Neuen Lebensraum schaffen
Im Zentrum des Projekts „Wilde Mulde – Revitalisierung einer Wildflusslandschaft in Mitteldeutschland“ steht die Förderung der natürlichen Dynamik im Flussbett. Durch den Einbau von Totholz und die Wiederherstellung von Naturufern werden Erosions- und Ablagerungsprozesse angeregt. Die Mulde kann sich an diesen Stellen wieder frei entwickeln. Es entsteht ein Mosaik naturnaher Strukturen, die vielen Arten einen neuen Lebensraum bieten. Die Hochwasserneutralität der Maßnahmen wird bereits im Planungsstadium durch umfangreiche Modellrechnungen nachgewiesen.
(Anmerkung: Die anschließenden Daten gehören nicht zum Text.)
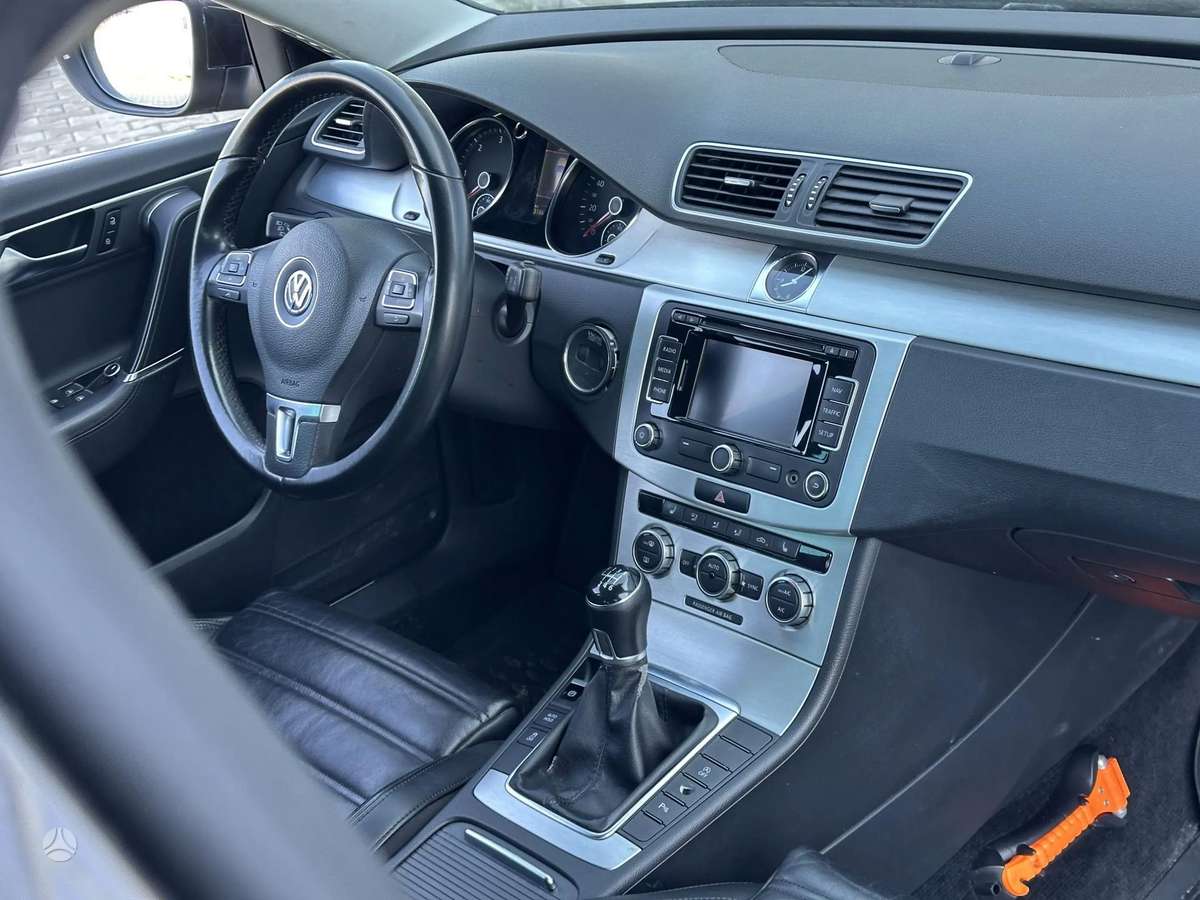 Volkswagen Passat 2012 — photo 14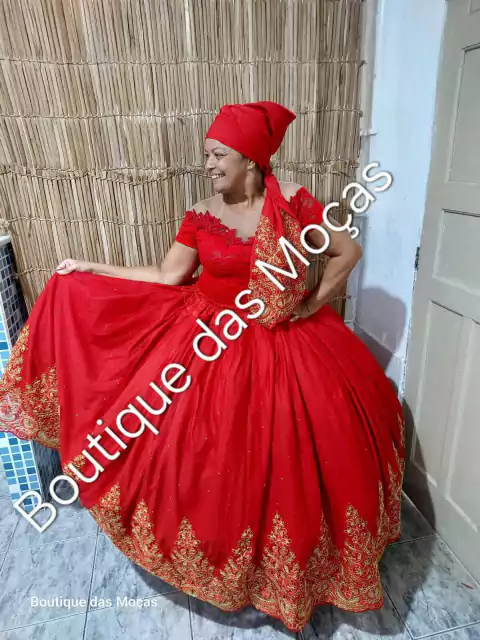 Saia Jupira vermelho com dourado. - comprar online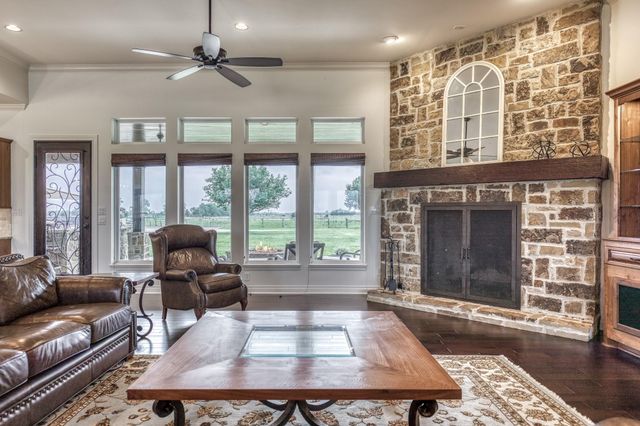 6868 Fm 360 Road, Needville, TX 77461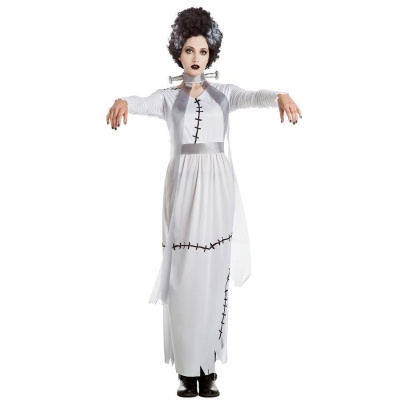Fantasia branca estilo noiva cadáver com pontos pretos simulando costuras e acessórios metálicos no pescoço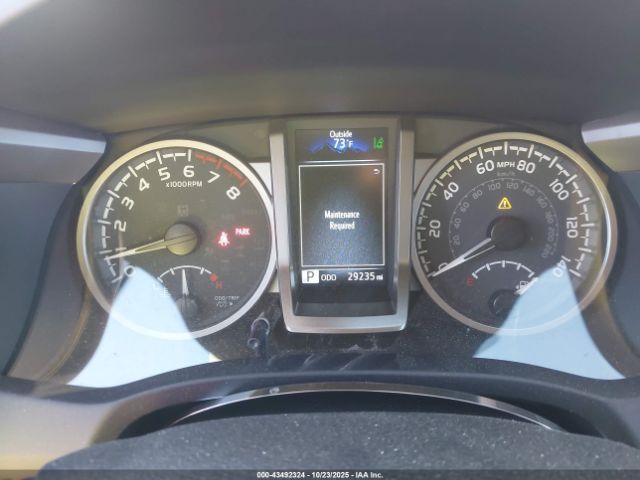 Toyota Tacoma Sr5 V6 Image 8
Die Maßnahmen werden nur durchgeführt, wenn der Hochwasserschutz für die Anwohner gewährleistet bleibt.
Das Projekt wird die Veränderungsprozesse in der Mulde und ihren Auen durch die Dokumentation der zeitlichen Entwicklung – wie durch Bild- und Filmaufnahmen – sichtbar und erlebbar machen. Über regelmäßige Exkursionen, Vorträge, jährlich stattfindende Muldeflusstage und weitere Öffentlichkeitsarbeit wird die Bevölkerung vor Ort in das Projekt einbezogen.
Teil des Projekts ist eine umfassende ökosystembezogene und disziplinübergreifende Forschung zu Hydraulik, Hydromorphologie, Stoffhaushalt und Biodiversität. Das Forscherteam widmet sich unter anderem der Frage nach den Auswirkungen der Maßnahmen auf die Diversität und Zusammensetzung von Artengemeinschaften im aquatischen, semiterrestrischen und terrestrischen Bereich.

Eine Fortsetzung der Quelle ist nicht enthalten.